Dwel: Moonlight Vibes is an eclectic mixture of hip hop infused with interludes and all sorts of different styles of beats and rhymes. We really tried to include a bit of everything to the CD, so not to get pigeon holed in some hip hop sub genre. All in all we are really happy with how it sounds now and have put a lot of hard work into every aspect of it. It took us the best part of a year to write all the desired material, with a few cheeky add libs dotted around here and there, we like to think that it’s an interesting listen.
HipHopInformant: I just heard a beat that Dweller did called Wilderness (Check it out on Youtube its sick!) How did you get into producing and how long does it take you usually to make a beat?
Dwel: I have been producing music for about 8 years, but have been a drummer for even longer which has given me the ability to transfer what I learned on the drums onto the beats that I am making now. I’d say I don’t really have a typical time that I make a beat, every session is unique. I will often sit in my chair nodding my head to the same 4 bar loop for hours on end and if it still sounds good after half an hour of it on repeat then I take it I’m onto a winner!
I’ve always got my 'sample radar' turned on 24/7 because u just never know where a perfect sample will crop up.
HipHopInformant: Is there a big demand for Hip-Hop in the areas where you live and grew up?
Dwel: None what so ever around us locally, We have Mc's the plenty but are more your 'Blackout Crew' style rhymers, which we all know is a devastatingly long way away from well structured hip hop lyricism. The only place we can get to see anything worthwhile is in Manchester. Hip Hoperation seem to have got themselves sorted now which is usually a good do, so big up the hiphoperation guys!
HipHopInformant: Finally, what does the future hold for Simple Samples?

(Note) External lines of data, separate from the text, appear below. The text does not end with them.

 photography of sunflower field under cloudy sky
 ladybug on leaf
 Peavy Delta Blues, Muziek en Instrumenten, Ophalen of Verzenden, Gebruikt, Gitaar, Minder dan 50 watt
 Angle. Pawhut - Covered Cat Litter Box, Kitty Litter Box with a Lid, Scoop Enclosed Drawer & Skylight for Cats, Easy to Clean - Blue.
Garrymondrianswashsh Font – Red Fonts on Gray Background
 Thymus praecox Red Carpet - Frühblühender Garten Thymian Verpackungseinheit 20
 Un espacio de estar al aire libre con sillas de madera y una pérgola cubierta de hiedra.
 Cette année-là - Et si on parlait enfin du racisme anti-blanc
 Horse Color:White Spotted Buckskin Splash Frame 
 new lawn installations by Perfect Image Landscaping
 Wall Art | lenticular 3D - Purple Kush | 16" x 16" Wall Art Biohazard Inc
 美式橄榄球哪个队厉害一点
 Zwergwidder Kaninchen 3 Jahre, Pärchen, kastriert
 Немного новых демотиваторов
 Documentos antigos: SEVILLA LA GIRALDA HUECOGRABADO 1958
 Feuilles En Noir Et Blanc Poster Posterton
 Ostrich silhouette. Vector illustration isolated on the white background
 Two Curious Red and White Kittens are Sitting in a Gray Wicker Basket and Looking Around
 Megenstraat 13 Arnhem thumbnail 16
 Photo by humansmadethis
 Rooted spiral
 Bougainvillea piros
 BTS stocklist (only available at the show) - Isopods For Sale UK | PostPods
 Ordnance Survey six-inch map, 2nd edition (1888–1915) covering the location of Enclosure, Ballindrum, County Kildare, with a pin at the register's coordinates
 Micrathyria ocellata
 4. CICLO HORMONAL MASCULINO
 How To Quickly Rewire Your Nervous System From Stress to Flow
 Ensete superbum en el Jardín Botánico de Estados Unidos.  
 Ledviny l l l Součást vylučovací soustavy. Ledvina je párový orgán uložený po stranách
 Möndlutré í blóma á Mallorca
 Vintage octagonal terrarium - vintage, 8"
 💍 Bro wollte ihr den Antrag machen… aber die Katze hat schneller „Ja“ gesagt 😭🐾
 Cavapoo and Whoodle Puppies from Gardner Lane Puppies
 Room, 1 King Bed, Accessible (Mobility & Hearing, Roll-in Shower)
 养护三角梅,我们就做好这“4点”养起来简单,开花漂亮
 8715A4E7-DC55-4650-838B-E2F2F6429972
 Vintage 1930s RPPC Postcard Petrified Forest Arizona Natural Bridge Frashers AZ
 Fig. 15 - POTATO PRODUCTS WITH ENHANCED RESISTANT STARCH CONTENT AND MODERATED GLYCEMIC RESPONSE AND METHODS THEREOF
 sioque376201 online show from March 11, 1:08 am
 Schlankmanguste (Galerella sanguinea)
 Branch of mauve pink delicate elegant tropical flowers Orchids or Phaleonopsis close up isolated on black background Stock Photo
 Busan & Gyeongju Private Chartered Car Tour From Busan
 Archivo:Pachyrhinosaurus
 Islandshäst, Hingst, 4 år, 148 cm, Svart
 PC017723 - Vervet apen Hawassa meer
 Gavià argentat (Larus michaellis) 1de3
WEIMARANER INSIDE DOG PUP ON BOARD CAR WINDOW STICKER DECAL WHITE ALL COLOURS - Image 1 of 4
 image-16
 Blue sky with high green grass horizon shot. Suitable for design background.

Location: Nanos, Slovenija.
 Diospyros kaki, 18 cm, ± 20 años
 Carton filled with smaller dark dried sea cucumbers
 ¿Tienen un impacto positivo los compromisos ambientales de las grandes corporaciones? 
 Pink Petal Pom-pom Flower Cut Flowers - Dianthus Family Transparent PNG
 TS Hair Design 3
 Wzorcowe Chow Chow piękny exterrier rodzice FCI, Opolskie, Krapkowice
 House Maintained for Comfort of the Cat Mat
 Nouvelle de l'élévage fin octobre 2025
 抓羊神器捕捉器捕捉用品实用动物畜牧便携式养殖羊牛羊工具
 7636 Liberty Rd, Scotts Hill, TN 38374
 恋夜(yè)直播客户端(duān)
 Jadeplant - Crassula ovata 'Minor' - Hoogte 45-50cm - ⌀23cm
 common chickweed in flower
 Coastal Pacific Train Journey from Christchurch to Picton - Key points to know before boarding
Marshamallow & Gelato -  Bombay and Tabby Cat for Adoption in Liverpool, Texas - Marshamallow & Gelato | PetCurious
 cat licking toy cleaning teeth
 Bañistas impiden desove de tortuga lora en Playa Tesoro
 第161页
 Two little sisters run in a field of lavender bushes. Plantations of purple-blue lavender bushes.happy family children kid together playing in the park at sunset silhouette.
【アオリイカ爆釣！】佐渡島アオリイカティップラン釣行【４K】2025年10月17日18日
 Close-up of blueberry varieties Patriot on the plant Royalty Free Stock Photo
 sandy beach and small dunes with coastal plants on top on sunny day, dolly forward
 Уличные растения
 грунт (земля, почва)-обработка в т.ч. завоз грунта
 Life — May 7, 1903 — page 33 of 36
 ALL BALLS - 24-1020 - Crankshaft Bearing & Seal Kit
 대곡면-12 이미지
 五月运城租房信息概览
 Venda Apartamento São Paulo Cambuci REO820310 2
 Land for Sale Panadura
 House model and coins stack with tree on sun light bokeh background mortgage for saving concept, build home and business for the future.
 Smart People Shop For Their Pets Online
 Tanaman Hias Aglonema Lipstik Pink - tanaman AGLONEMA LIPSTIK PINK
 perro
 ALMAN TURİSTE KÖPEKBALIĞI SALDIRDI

Dwel: We are currently talkin about makin a music vid for one of our tunes which is going to be shot by some friends in Leeds. Been writin some fresh material lately as the CD is now finished. No doubt it will be all appearing on a new Mixtape that we are doing this year, complete with some collaborations with other MCs and producers that we are friendly with. Goin to try and get a night sorted around Manc at some point & Just bought the domain 'simplesamples.co.uk the other week so remember to check it out for all latest updates and downloads!
HipHopInformant: One, more question the HipHopInformant did a review for the Moonlight Vibes Mixtape how did you find it?
Dwel: The review was a blessin mate! Cant think of words. Respect for takin the time out to write so much. We buzzed when we read it!